Ein sehrender, ziehender Schwall entquillt ihrem wortübermächtigen
Mund, ein behändes Bedeutungswispern und quälendes Zauberraunen -
und plötzlich ist Schleefs (1944-2001) kurzatmiges Satzbrocken-Weitwerfen,
gesammelt in zwei Bänden Gertrud zu insgesamt 900 Seiten bei Suhrkamp in
Frankfurt am Main, ganz grazil und kyffhäuserisch weltmächtig.
Ein Weltwahnwitz, weil der Zyklop Schleef seiner zarteren, aber umso zäheren
Mutter sozusagen geschickt-unschicklich (zu) nahe trat: sie unverschämt
einwickelte in einen Wörterkokon, den er ihr obendrein noch zum Abschmecken
in den Mund legte.
Eine alte Witwe, deren "Willy" unter der Pappel liegt, deren Buben
wenigstens nach Berlin davongerannt sind, hält Inventur: verzeichnet ihre
Trauer, ihren unweigerlich bitteren Geschmack im Mund.
Sie sitzt an einem Tisch, auf einem viel zu kostbaren Teppich und zählt
am Arm die Muttermale: als wäre ihre lederne, ausgezehrte Haut ein gestirnter
Himmel.
Die Augen schmal geschnitten, den Mund gespitzt wie zu einem Erbrechen - aber
es purzeln nur Kleinodien aus diesem unentwegt singenden, angstklirrenden Wesen,
das die dünnen Haare zurückgebunden trägt, den schmutzstarrenden
Arbeitskittel anfasst wie eine Zaubertuchbahn.
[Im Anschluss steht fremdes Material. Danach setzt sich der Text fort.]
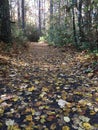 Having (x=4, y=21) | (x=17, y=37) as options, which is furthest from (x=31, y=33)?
(x=4, y=21)

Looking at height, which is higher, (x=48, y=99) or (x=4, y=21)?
(x=4, y=21)

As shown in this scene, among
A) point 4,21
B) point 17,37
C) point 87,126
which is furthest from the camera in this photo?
point 17,37

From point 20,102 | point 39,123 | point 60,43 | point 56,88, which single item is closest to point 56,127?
point 39,123

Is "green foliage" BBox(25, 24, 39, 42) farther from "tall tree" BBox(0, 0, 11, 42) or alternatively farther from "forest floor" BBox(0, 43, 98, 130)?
"forest floor" BBox(0, 43, 98, 130)

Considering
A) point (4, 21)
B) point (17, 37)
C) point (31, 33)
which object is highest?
point (4, 21)

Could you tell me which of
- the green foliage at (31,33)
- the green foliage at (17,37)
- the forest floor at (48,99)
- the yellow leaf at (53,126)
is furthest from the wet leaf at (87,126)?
the green foliage at (31,33)

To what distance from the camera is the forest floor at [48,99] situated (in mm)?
3309

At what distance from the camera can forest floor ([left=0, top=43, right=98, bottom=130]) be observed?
3.31 m

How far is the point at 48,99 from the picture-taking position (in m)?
4.19

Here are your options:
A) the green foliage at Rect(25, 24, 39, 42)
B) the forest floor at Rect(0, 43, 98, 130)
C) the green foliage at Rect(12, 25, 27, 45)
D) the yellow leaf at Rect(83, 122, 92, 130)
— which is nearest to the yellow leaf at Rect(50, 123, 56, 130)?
the forest floor at Rect(0, 43, 98, 130)

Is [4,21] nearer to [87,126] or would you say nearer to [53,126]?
[53,126]

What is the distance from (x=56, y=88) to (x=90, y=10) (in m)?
8.43

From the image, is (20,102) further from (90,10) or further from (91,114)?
(90,10)

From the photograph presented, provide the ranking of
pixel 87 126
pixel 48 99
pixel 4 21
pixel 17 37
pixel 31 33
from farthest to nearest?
pixel 31 33
pixel 17 37
pixel 4 21
pixel 48 99
pixel 87 126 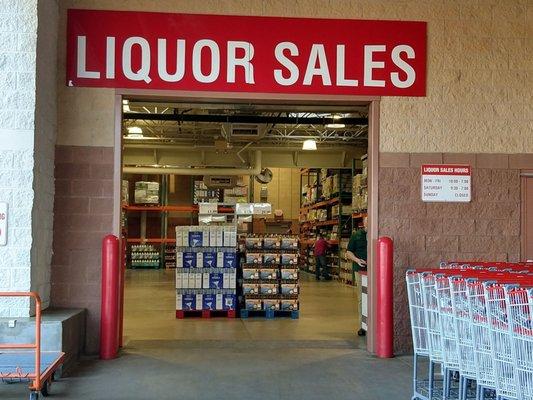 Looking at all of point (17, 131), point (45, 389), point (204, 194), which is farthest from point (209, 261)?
point (204, 194)

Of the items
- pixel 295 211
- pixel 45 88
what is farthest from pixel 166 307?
pixel 295 211

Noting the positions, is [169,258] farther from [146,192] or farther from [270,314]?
[270,314]

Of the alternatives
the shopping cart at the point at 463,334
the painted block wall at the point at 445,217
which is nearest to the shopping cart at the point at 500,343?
the shopping cart at the point at 463,334

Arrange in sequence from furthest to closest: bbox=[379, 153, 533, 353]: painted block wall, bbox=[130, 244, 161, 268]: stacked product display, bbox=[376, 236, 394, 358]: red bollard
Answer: bbox=[130, 244, 161, 268]: stacked product display → bbox=[379, 153, 533, 353]: painted block wall → bbox=[376, 236, 394, 358]: red bollard

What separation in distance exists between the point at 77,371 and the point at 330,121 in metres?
11.1

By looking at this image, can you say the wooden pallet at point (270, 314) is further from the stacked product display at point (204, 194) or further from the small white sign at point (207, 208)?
the stacked product display at point (204, 194)

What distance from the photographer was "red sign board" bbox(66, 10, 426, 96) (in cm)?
905

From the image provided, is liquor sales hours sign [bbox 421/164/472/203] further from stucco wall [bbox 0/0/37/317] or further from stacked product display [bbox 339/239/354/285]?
stacked product display [bbox 339/239/354/285]

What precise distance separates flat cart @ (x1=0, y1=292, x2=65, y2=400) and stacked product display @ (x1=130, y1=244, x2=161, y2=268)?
23.3 m

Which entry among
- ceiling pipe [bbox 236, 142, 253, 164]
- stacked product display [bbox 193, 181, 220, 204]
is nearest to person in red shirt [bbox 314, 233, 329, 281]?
ceiling pipe [bbox 236, 142, 253, 164]

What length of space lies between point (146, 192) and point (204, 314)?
57.0 ft

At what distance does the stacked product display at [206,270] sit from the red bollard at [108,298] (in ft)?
14.6

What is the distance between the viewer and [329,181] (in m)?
24.8

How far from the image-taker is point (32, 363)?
21.6 feet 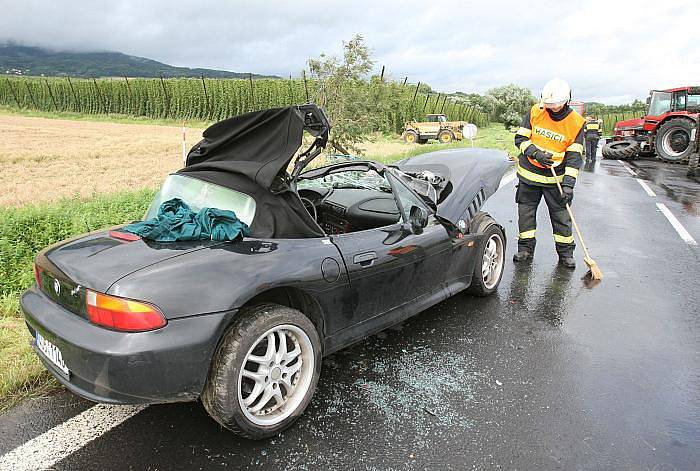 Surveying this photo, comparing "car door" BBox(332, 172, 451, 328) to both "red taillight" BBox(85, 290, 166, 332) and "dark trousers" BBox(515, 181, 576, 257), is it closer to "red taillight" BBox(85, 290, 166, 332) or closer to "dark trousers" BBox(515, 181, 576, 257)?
"red taillight" BBox(85, 290, 166, 332)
Und seiner eigenen, vom Alterswahnsinn
gezeichneten Verklärung entgegenschwebt wie einer unglaublichen, untraulichen
Sterbensglücksverheißung.
Zu handeln ist vom vielleicht makellosesten Abend einer insgesamt doch arg durchwachsenen
Burg-Saison - dem rücksichtslosen Umbiegen von Schleefs tönender Manie
in ein unendlich verzärteltes, hochverfeinertes, zu Tode sublimiertes Kunstgewerbetreiben.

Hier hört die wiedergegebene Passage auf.